The differences between mainstream Western historiography and Balkan historiography are very stark. In Italian historiography, for example, if a famous person was of foreign origin, then he is stated to be such. The truth is made clear so as not to deceive anyone or give false impressions. Thus every Italian knows that Ugo Foscolo was half-Italian and half-Greek, that Guglielmo Oberdan was half-Italian and half-German, and that Archimedes probably had Greek origins. These historical facts are well-known by Italians and are not hidden or suppressed by Italian scholars. In the Balkans, however, famous figures are constantly subjected to extreme nationalist propaganda, historical revisionism, intentional alterations and distortions. Never missing an opportunity to snatch up a new celebrity and add him to their mantle of glories, many authors from the Balkan states – prone to academic dishonesty and exaggeration – attempt to claim famous historical figures as part of their own particular nationality, even in cases when it’s improbable, and even when it borders on the ridiculous. It has become an epidemic in the Balkans and is emblematic of the typical divisiveness and discord that characterizes the Balkan nations today.

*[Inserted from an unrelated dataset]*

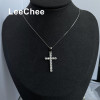 Moissanite Pendant 0.1CT 3MM 12 Pieces Lab Diamond Tested Passed Fine Jewelry Cross Design Real 925 Sterling Silver Necklace|Pendants|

Thus motivated by extreme politics, excessive pride, and fanatical desperation to enhance national prestige, the Croats claim Nikola Tesla was a Croat, while Serbs claim he was a Serb; Albanians claim Scanderbeg was Albanian, while Serbs claim he was a Serb and Greeks claim he was Greek; Albanians claim Alexander the Great was Albanian, while Greeks claim he was Greek and Macedonian Slavs claim he was Macedonian; Romanians and Hungarians both claim several historical figures, while Albanians proclaim every ancient Illyrian to be Albanian. And perhaps most absurd of all: Croats now claim that Marco Polo was a “Croat”, and that all famous Latin and Venetian historical figures of Dalmatia were “Croatian”. They are aggressively attempting to rewrite history and erase all traces of Latin culture and Italian heritage from this region, and they are using Wikipedia as an effective propaganda tool to carry out this revisionist campaign.

A brief introduction is necessary for those who do not understand the mechanisms of Wikipedia. One of the essential premises of the online encyclopedia is that you can freely enter any information, but it must contain sources or references. You can add information without using a source, but more often than not other Wikipedians will notice and will insert a “citation needed” tag (which causes the dubious sentence to be highlighted, alerting the readers and other Wikipedians that the statement lacks credibility), or, if the information seems suspicious, editors may choose to intervene by deleting any information lacking in reliable references (because, according to the guidelines of Wikipedia, it is better to have no information than to have unreferenced information).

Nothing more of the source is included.